Per Formula One correspondent Nick Daman on Radio Le Mans' Midweek Motorsport show, the date to watch for Fernando Alonso's team decision is December 1. That announcement is likely to be a move to the McLaren Honda team.

At approximately one hour and thirty-seven minutes in on season 9, episode 44, they start to discuss McLaren's sticky situation of too many (likely) drivers for only two spots. They have Alonso, who has either signed a contract at McLaren or will in the near future. They also have Jenson Button, whose contract expires this year and hasn't signed a new one. Button will likely end up in the WEC if he doesn't get signed at Porsche. McLaren's much younger driver Kevin Magnussen hasn't been nailed down, either.

Contractual obligations could have been holding up the announcements at Ferrari. While it's understood that Alonso's leaving is a mutual break-up, if Ferrari announces Sebastian Vettel as their driver too soon, then it's understood that Ferrari is letting Alonso out of his contract and they will owe Alonso a lot of money (per the contract) for releasing him early. If Alonso announces too soon that he's at another team, then it's on him for breaking the contract, and he'll be out a bunch of money instead of the team. Fun times!


Ferrari just anounced this morning that Sebastian Vettel and Kimi Räikkönen will be their two drivers:

So, Alonso's announcement for 2015 should come very, very soon.

Supposedly, this waiting game for Alonso's announcement ends on December 1st, though, so hold onto your butts: the most likely scenario we pointed out last month will probably come to pass.


But what about the Spygate shenanigans in 2007? Does this move make any sense? Didn't Alonso threaten to snitch on McLaren Team Principal Ron Dennis' dirty email chains at the Hungarian Grand Prix?



It'll be just like the bad old times, man!

Spygate stripped McLaren of their Constructors' Championship points and fined them $100 million for obtaining key technical information about Ferrari's F1 car. Drivers Lewis Hamilton and Fernando Alonso were still permitted to compete for the Drivers' Championship for cooperating with the investigation.


The bad blood between both McLaren and Alonso as well as the intense rivalry between Hamilton and Alonso was enough to push Alonso to sign with Renault in 2008.

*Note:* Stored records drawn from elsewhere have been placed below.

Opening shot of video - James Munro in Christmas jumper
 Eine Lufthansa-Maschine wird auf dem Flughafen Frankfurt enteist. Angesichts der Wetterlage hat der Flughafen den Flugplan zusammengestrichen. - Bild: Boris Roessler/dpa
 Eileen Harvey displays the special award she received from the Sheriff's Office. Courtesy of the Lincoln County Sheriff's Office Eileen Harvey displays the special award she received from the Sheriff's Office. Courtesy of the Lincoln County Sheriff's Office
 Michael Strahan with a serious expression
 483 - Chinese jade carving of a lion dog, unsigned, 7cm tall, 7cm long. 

In remarks made to Sky Sports, Ron Dennis claims that the entire debacle is behind him, and that it wouldn't be an impediment to Alonso returning to McLaren:

Fernando wasn't the trigger. He was just a part-player. It was the action of other individuals. The emails between Fernando and Pedro de la Rosa were pretty irrelevant.

I moved on years ago. There's no impediment for Lewis Hamilton coming back. There's no impediment for Fernando Alonso coming back. And there's no impediment for Kevin [Magnussen] and Jenson [Button] staying.


Uh-huh, sure. No impediments like contracts that need renewing, or perhaps the fact that Button's getting up in age for an F1 driver.

Axis of Oversteer has gone so far to posit that Alonso will perhaps sign directly with Honda to avoid any potential clashes with Ron Dennis. Honda will be McLaren's engine provider for next year.


Many key components on the existing V6 turbo Formula One engines are frozen from change as part of an engine freeze meant to save competitors money as the new engine regulations roll out over the next few years. (That part clearly isn't working.)

Honda, however, enters 2015 with a clean slate since they are entering an entirely new design, allowing them to pick components that work and are most likely to be competitive against the dominant Mercedes engines. This is why Alonso would be drawn back to a team he left under the most sour of terms: McLaren will be the only team running the new Honda engines.


Axis even claims that Alonso to Honda has already happened:

Alonso will not sign with Mclaren because, it's been said, he signed with Honda for a hefty 35 million Euro a season ($44M). It also means that, theoretically, Alonso would be free to move to any other future Honda powered team should it prove more competitive. Alonso would return to Mclaren not as a Mclaren employee.

That's one more interesting theory to toss into the ring.


Either way, we'll know for sure who signed who where on Alonso's contract on or before December 1.

I'm so sure he's heading to McLaren that I'm calling it now. Alonso Watch 2014 is over (unless it's not). Alonso to McLaren, done.